Each factor supports entry of a default judgment against the Wenzes.
 
2. Motion to Compel and Attorney's Fees Award
In light of the recommendation of entry of default judgment, the remaining discovery issues raised in West Shore's motion to compel are moot. And given the recommendation of default, the court finds that granting West Shore's request for attorney's fees would be unjust. Should the district court decline to enter a default judgment against the Wenzes it should, in the alternative, grant West Shore's motion to compel and request for attorney's fees.
 
III. Conclusion
For the reasons stated above, the district court should grant West Shore's motion and grant a default judgment against Neil Wenz, Jacqueline Wenz, and East Coast Shower and Bath, LLC.
 
The Clerk of Court must serve a copy of this Memorandum and Recommendation (“M&R”) on each party who has appeared in this action. Any party may file a written objection to the M&R within 14 days from the date the Clerk serves it on them. The objection must specifically note the portion of the M&R that the party objects to and the reasons for their objection. Any other party may respond to the objection within 14 days from the date the objecting party serves it on them. The district judge will review the objection and make their own determination about the matter that is the subject of the objection.

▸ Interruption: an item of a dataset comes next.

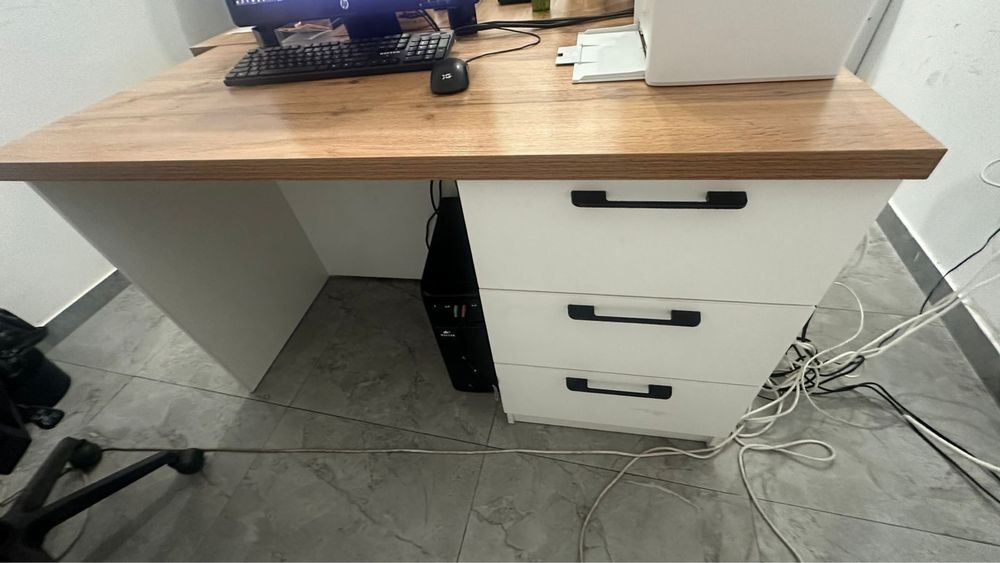 Стол офисный почти новый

If a party does not file a timely written objection, the party will have forfeited their ability to have the M&R (or a later decision based on the M&R) reviewed by the Court of Appeals.

Footnotes
Interrogatory #2 asked them to “[i]dentify all email accounts ... used to conduct ECSB business at any time between September 4, 2020 and the present.” ECSB's Resp. to Pl.'s Interrog. No. 2, D.E. 65-7 at 3.